2年前に台湾で知り合った映画学校の学生が、助成金や労働保険のことなどとても詳しく把握していたことは今でも強く印象に残っていますが、やはり学校という場で行えることはまだまだたくさんあると感じます。
また、山内健司さんと行った『俳優の権利と危機管理』ゼミで韓国の若手俳優キム・イェウンさんをオンラインでお招きしたのですが、キムさんから伝えられた日本よりもハラスメント対策が数歩進んでいる韓国の状況は私にとってもとても刺激的で、また3時間程度と短い時間ではあったものの、若い俳優同士の対話は教える/教えられるという関係性以上の有意義な時間になったのではと感じました。
3、映画美学校フィクション・コース修了生かと思うのですが、アクターズ・コースの講師として担当するまでにはどんな経緯があったんでしょうか。
私は映画美学校を20歳前半の頃に修了をしてから、自主映画を作るたびに撮影機材を借りに足繁く映画美学校に通っていてお世話になっていたのですが、実はそこにあるコミュニティからはやや距離を取るようにしていました。
そこにいけば、日本映画の最前線に立つ講師陣と話し酒を飲み(自分は下戸ですが)映画論を交わすことができ、まるで自分が映画の最前線にいるような錯覚に陥ってしまう、それがとても不安だったからです。
ただ、古澤健さんからアクターズ・コースを作るというお話を聞き、とても面白いと思いました。
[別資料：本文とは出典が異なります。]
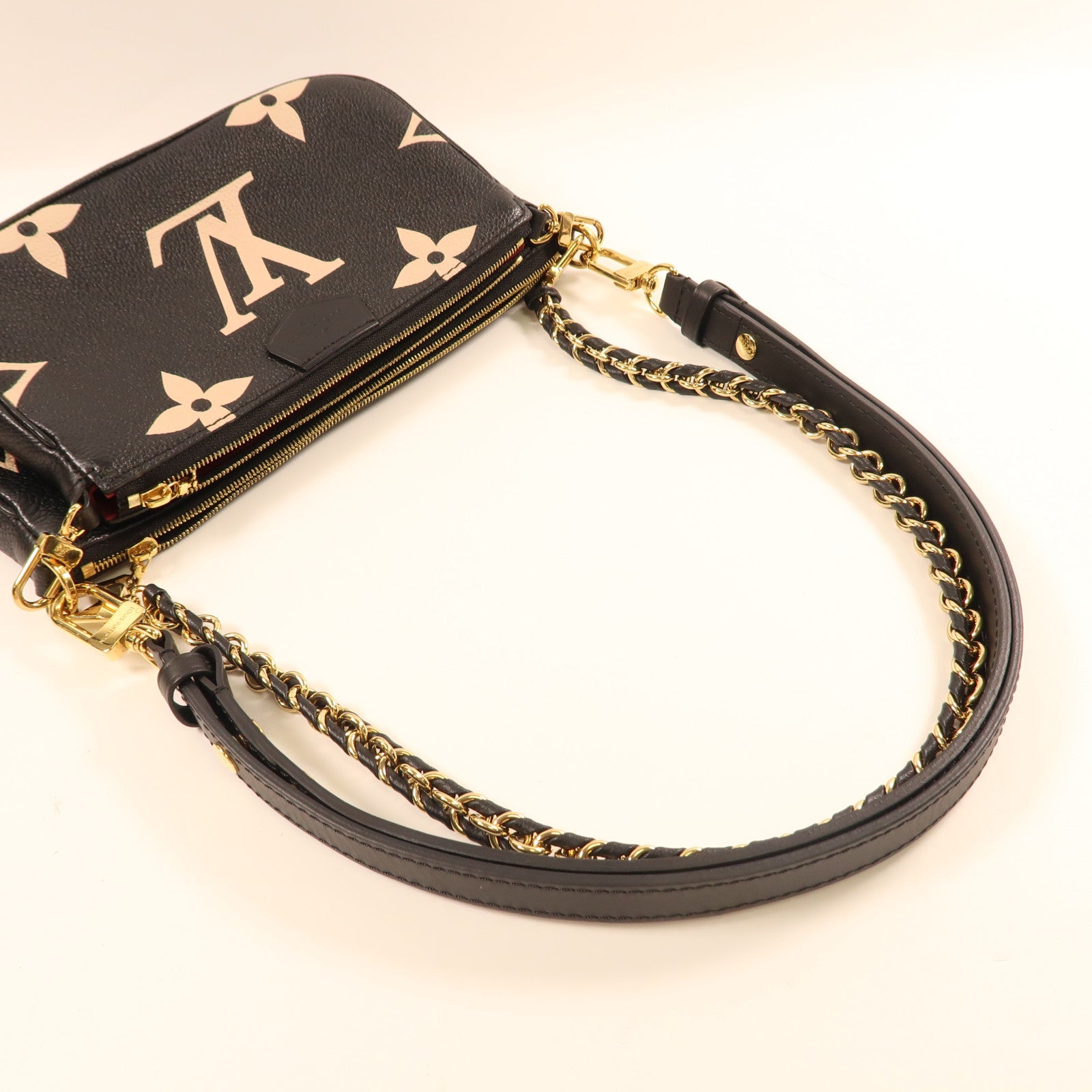 LOUIS VUITTON Monogram Empreinte Multi Pochette Accessoires金扣鏈帶肩背袋黑色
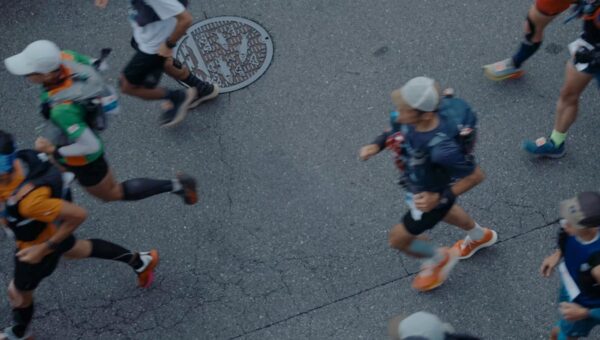 ヴィブラム、日本を代表する山岳耐久レース「ハセツネカップ」を描く短編ドキュメンタリーを公開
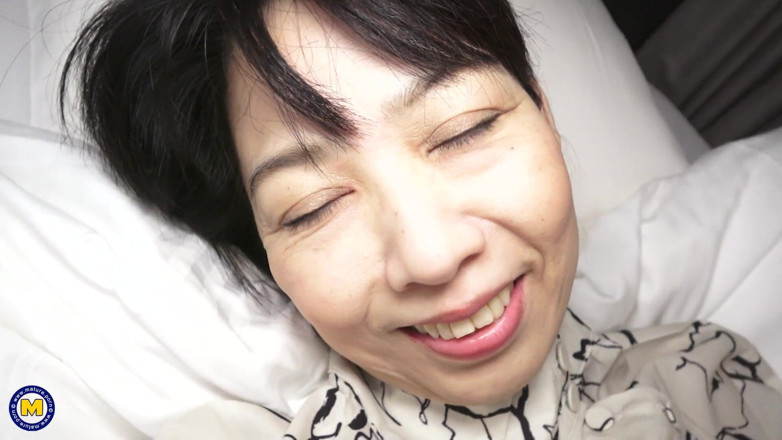 Mature NL: 샤워하는 일본 계모를 보고 POV 스타일로 질싸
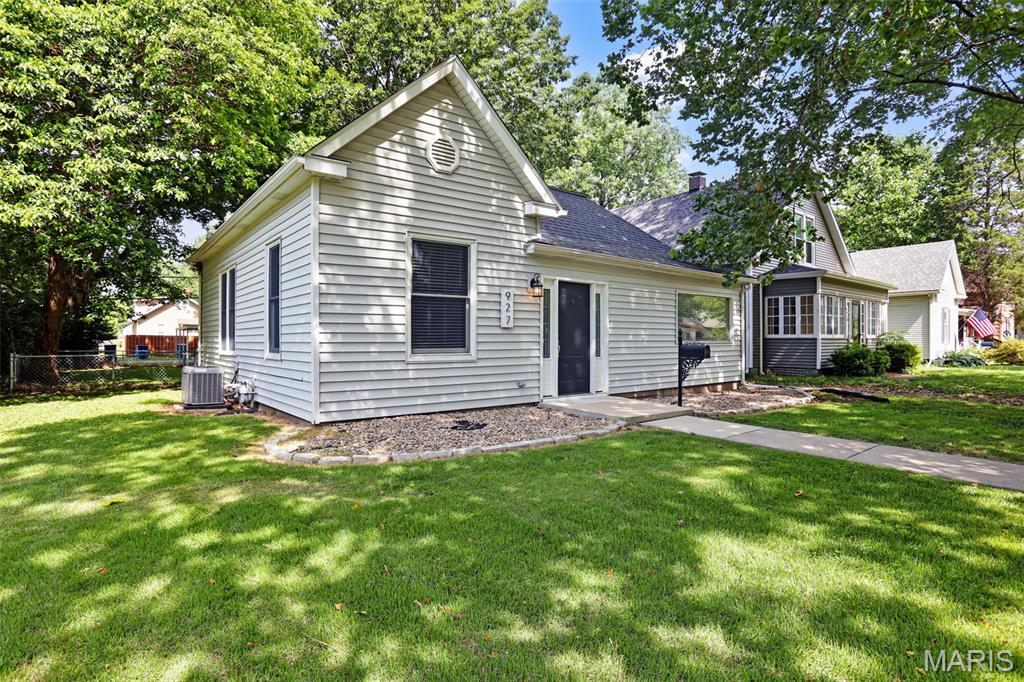 927 Troy Road, Edwardsville IL — Photo 1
当時は、俳優向けの演技ワークショップが盛んになり始めた頃でしたが、そのほとんどが監督や演出家を講師に迎えていることに違和感を覚えていました。監督や演出家の多くは「演技」の専門家ではない、向かうべきゴールを示すことはできてもそこへの行き方を手取り足取り教えることはできない、という思いがあったからです。また、監督や演出家のワークショップではそこにあるキャスティング権が言外に特典となってしまっていたことも不満でした。だから、アクターズ・コースのように、経験豊かな俳優が、自らの知見を若い俳優たちに伝えていく場を作ることができるのなら、ぜひそのお手伝いがしたいと思い参加しました。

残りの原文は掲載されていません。